O Poder Legislativo foi fechado em todo o país. Vargas estabeleceu um governo provisório que concentrou o poder nas mãos do governo federal, abatendo a autonomia dos estados e, consequentemente, dos partidos políticos regionais.
Conquanto ditador, Vargas era forçado a negociar com diferentes grupos e facções, incluindo tenentistas, oligarquias estaduais, militares e setores urbanos, levando a uma política de conciliação, mas também a conflitos, como a Revolução Constitucionalista de 1932, em São Paulo.
A Revolução Constitucionalista de 1932 estourou quando os paulistas, insatisfeitos com a perda de poder e com a falta de uma constituição, se levantaram contra a ditadura. A revolução, apesar de debelada, acelerou a convocação de uma Assembleia Nacional Constituinte em 1933, que foi precedida pela edição de um Código Eleitoral.
O Código Eleitoral de 1932 introduziu o voto secreto, tornou o sufrágio universal para os cidadãos brasileiros adultos (com algumas exceções), afirmou o direito de voto às mulheres e criou a Justiça Eleitoral. Estabeleceu o sistema proporcional para eleições parlamentares.
A nova legislação ensejou um ambiente mais regulado para os partidos políticos. A gênese da Justiça Eleitoral profissionalizou a gestão das eleições, reduzindo a influência de grupos locais, concedendo melhores ferramentas para o início do combate à corrupção no processo eleitoral.
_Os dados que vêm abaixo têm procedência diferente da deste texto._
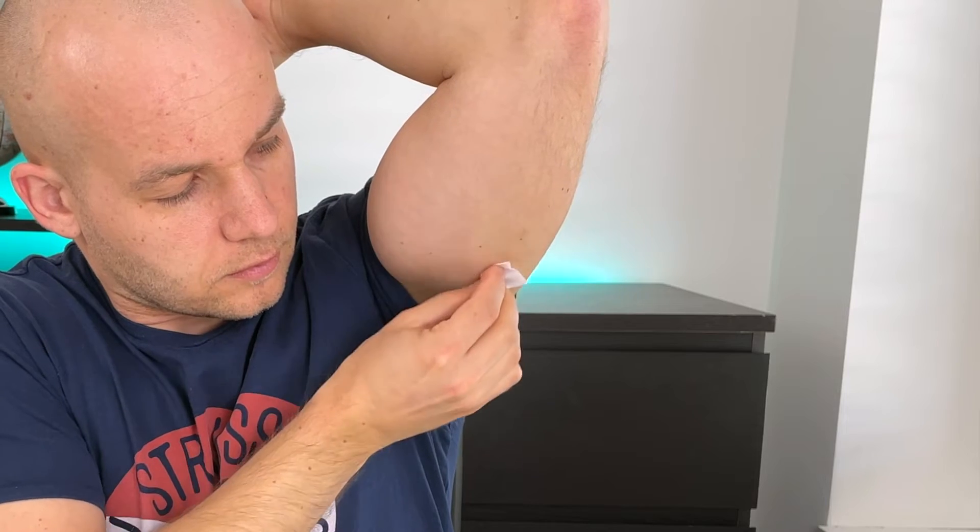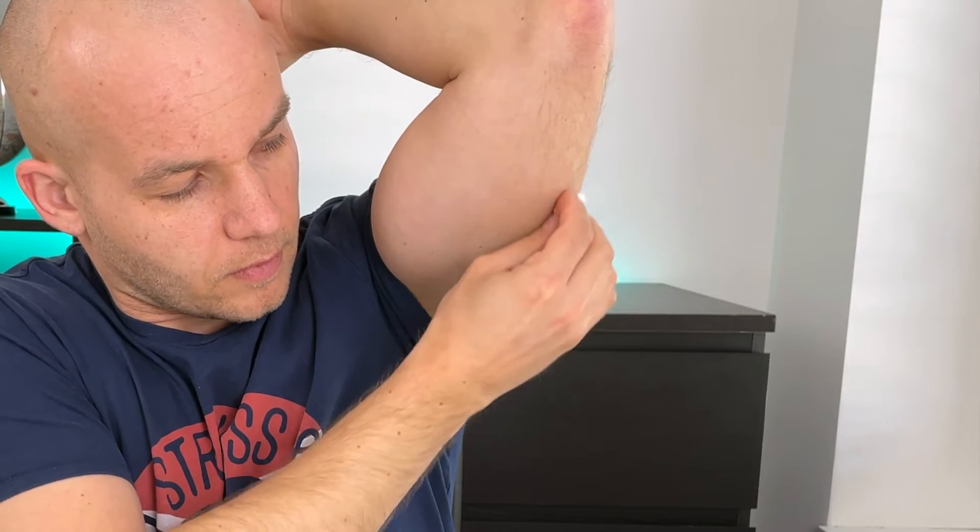Before you apply the sensor, make sure to wash your hands, clean the site with an alcohol wipe, and let it dry. Pro tip: always apply the sensor after you've washed your skin with warm water and soap, because you really don't want your skin to be oily. You want the adhesive to stick firmly and the sensor to stay on for the full 10 days. Oily skin makes this much more challenging.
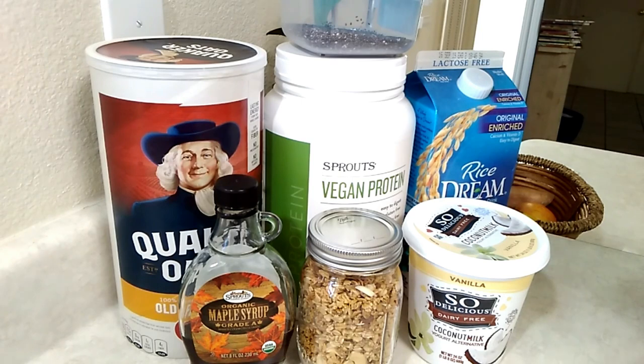This is the base for what I use for my overnight oats no matter what I add to them — this is what I always use. I use the oatmeal. This is the old-fashioned oatmeal, but right now I've been filling it up with rolled oats from the bulk section at Sprouts. The maple syrup, some granola of your choice, and some yogurt — you could use whichever yogurt you like.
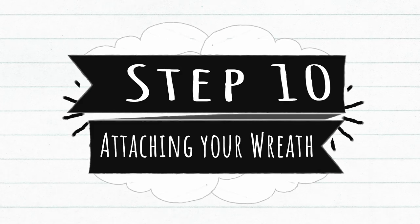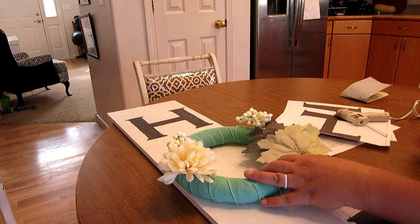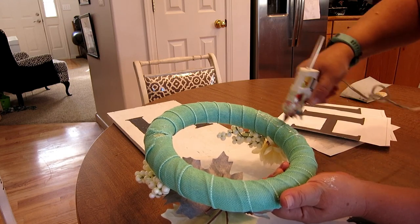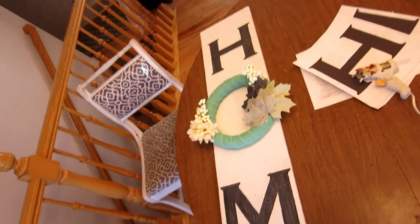Step ten: attaching your wreath. Normally I would probably use E6000, but today I'm just going to use hot glue. We're going to get a bunch of glue on there. Voila — our sign is done!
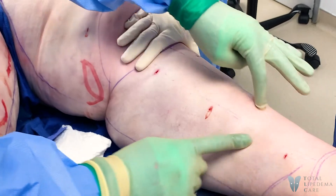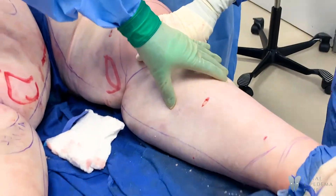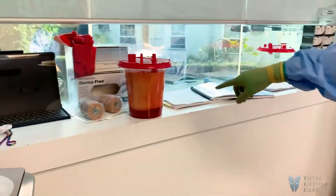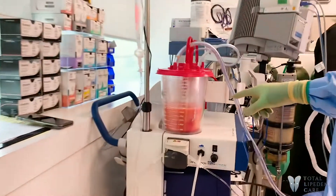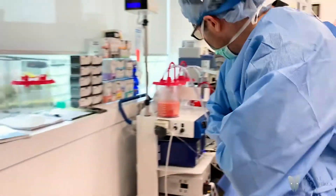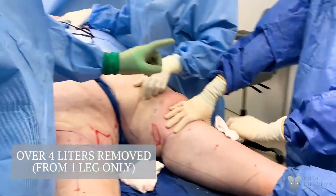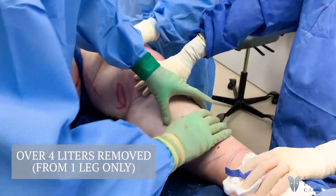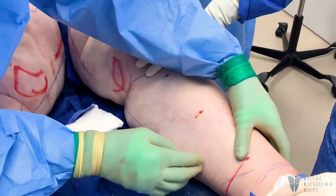We've actually done our lymphatic sparing liposuction. I want everybody to take a look — that's just from one of the legs. We still have more to go; this is only one leg total. We've gotten close to over four liters from just one leg, and we still have more to go. We've done the lymphatic sparing liposuction and there's nothing left in here.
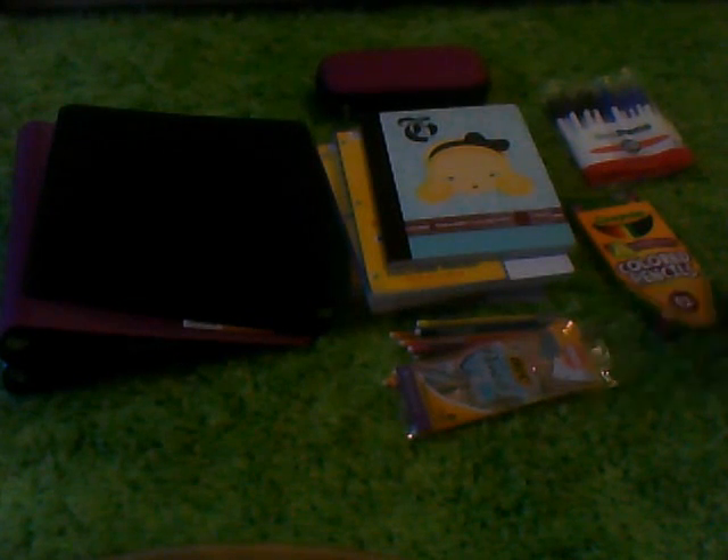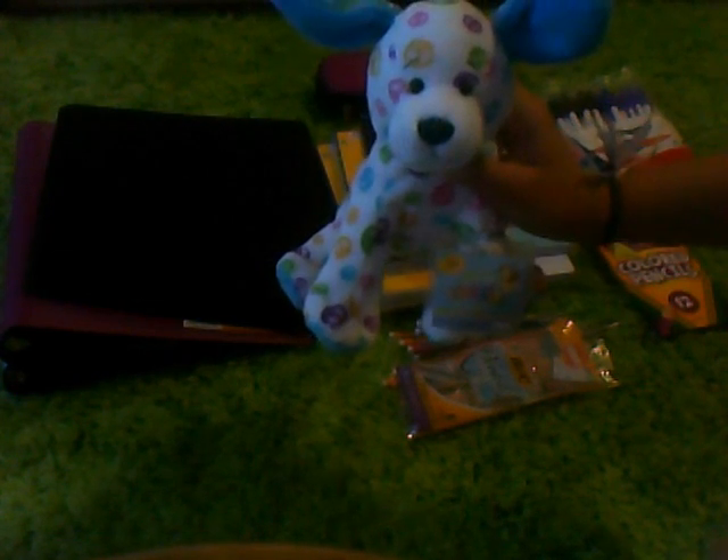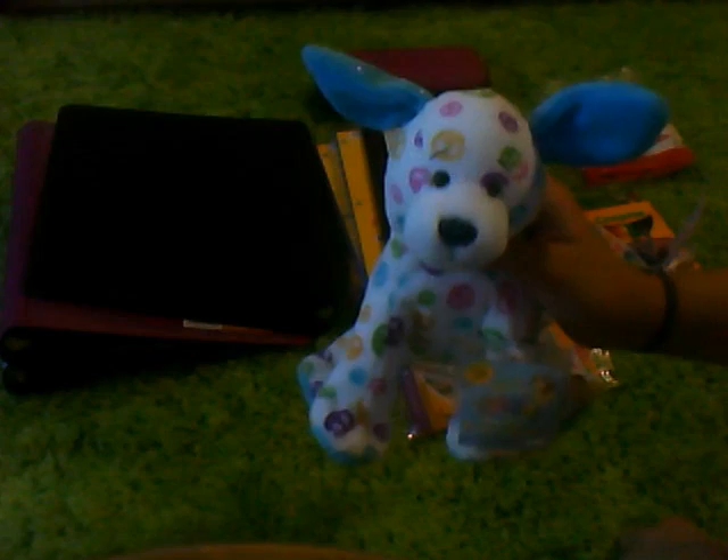Hey guys, I am going to be showing you all my school supplies for the 2010-2011 school year. All the stuff I got from Target, and all the product rights go to their companies. Here we go.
O Código também regulamentou o registro de candidaturas pelos partidos políticos, contribuindo para a organização e formalização das estruturas partidárias.
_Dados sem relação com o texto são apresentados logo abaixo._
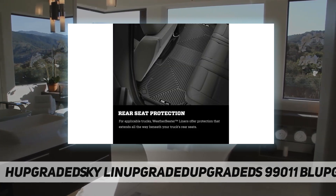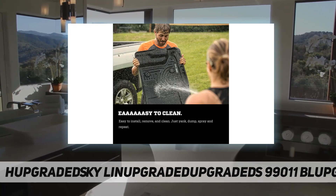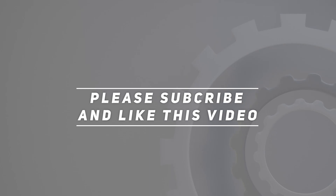Our sporty liner material is rugged and can stand up to abuse like no other — made in the USA. Check out the video description for updated pricing. Thank you for watching. Please subscribe and hit the like button.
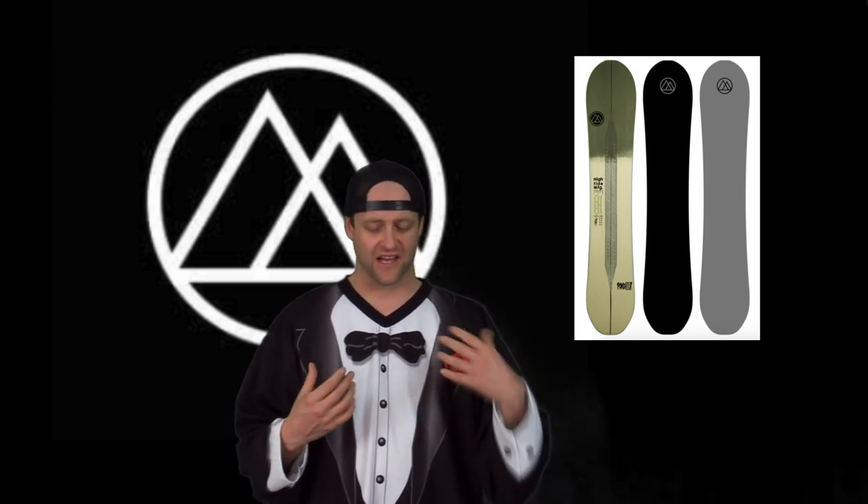This board is smooth and stable when you're on edge — you never have to worry about it washing out or buckling. It's not the most friendly for euro carving; you're going to notice right away that it just doesn't let you aggressively drive and get low and drop your elbow on the snow. This board is going to say no if you try to euro carve. What it does like is a long, drawn-out carve from one end of the trail to the other.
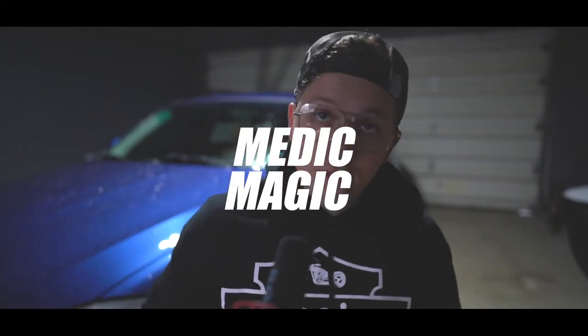Today is going to be an interesting day. We're going to be doing the first oil change on the 2010 BMW E91.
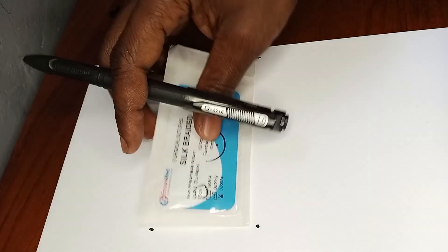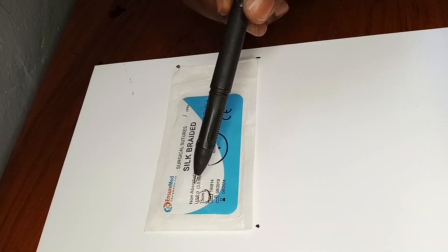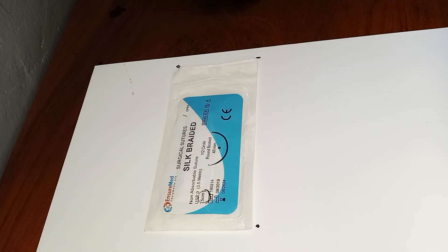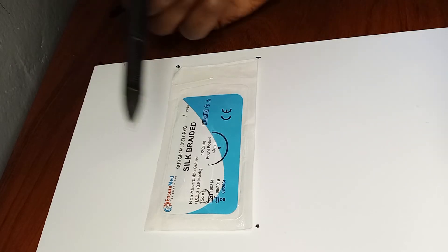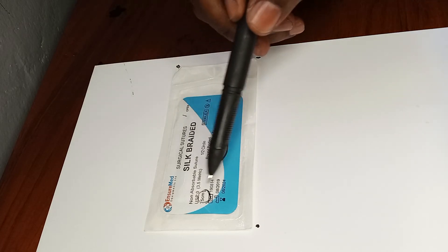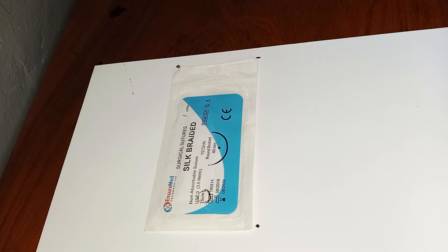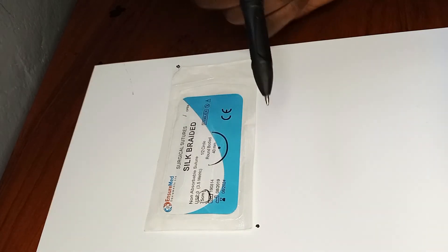The next suture is silk. Unlike what we've looked at, silk is non-absorbable — wherever you put it, it's not going anywhere. The body cannot hydrolyze or absorb it. This particular silk suture is size zero, so the thread thickness is smaller than the Vicryl, which was a size two. The length of the thread is 75 centimeters, the same as the Vicryl.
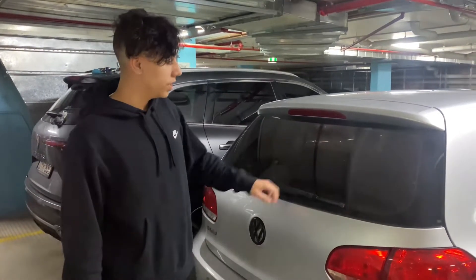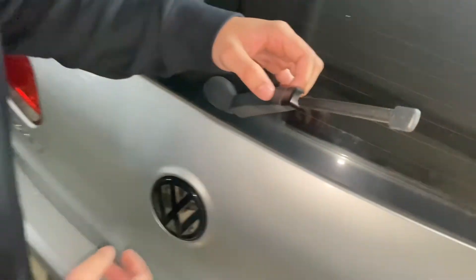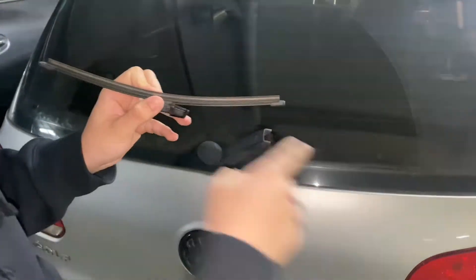So this is a 2009 Golf. To change the back rear windscreen, it's just an insert, so to take it off there's a button at the front here — you just press the button and then pull gently and it comes off. To replace this you just look in your owner's manual and find out the same size that you use.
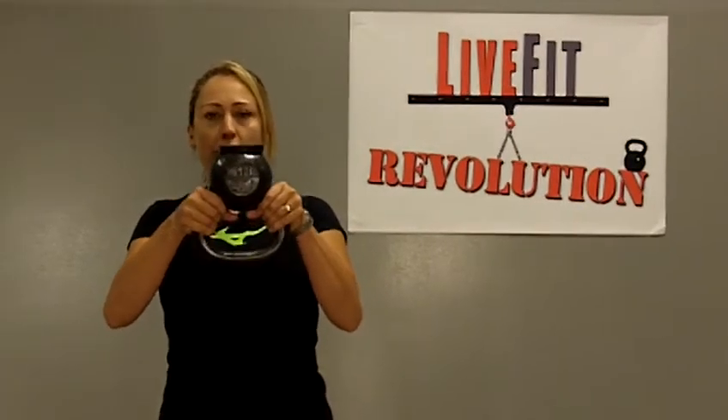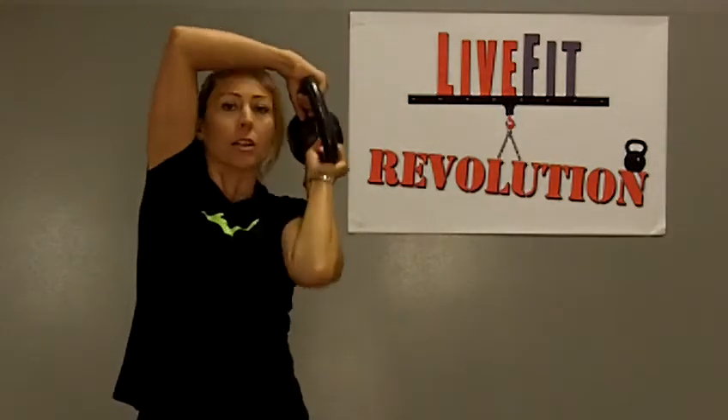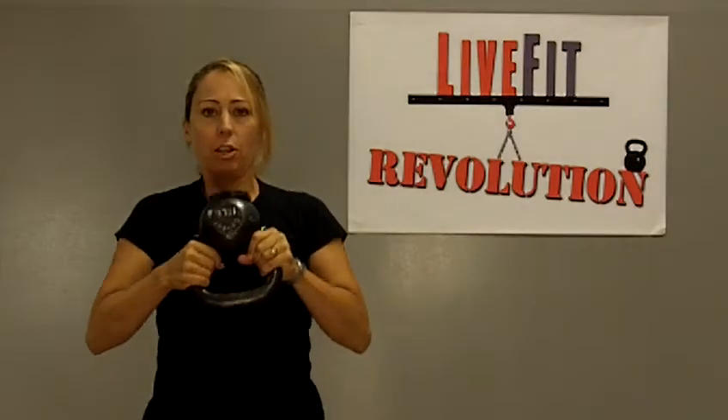When you're doing shoulder circles, hold the kettlebell upside down by the horns, start with it in front of your chest, and you're going to take it around back behind your head as low as you can, and bring it back down in front of you — down low, not up in front of your face, but down low.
Esses progressos, no entanto, decorreram de duas revoluções sucessivas e não foram sustentados por muito tempo, exigindo, mais adiante, novos esforços democratizantes.
A política brasileira é furiosamente dinâmica. Mas há também o que fica, aquilo em que não há ininterrupção. Por aqui, às vezes, as coisas mudam um pouco, para não terem de mudar muito. Cede-se para que o eixo não se quebre.
É o persistente dilema “reforma ou revolução”, “estabilidade ou ruptura’, “adaptação ou desconstrução”. Para construir um Brasil mais equitativo, com um sistema político mais representativo e resiliente, é preciso aprender com o passado e promover reformas institucionais contínuas. Isso inclui fortalecer as instituições democráticas, atender efetivamente às reivindicações das camadas sociais desfavorecidas, promover o diálogo e a tolerância em meio à diversidade, e adaptar-se a um mundo em rápida transformação. Essas medidas são vacinas contra revoluções e golpes de estado.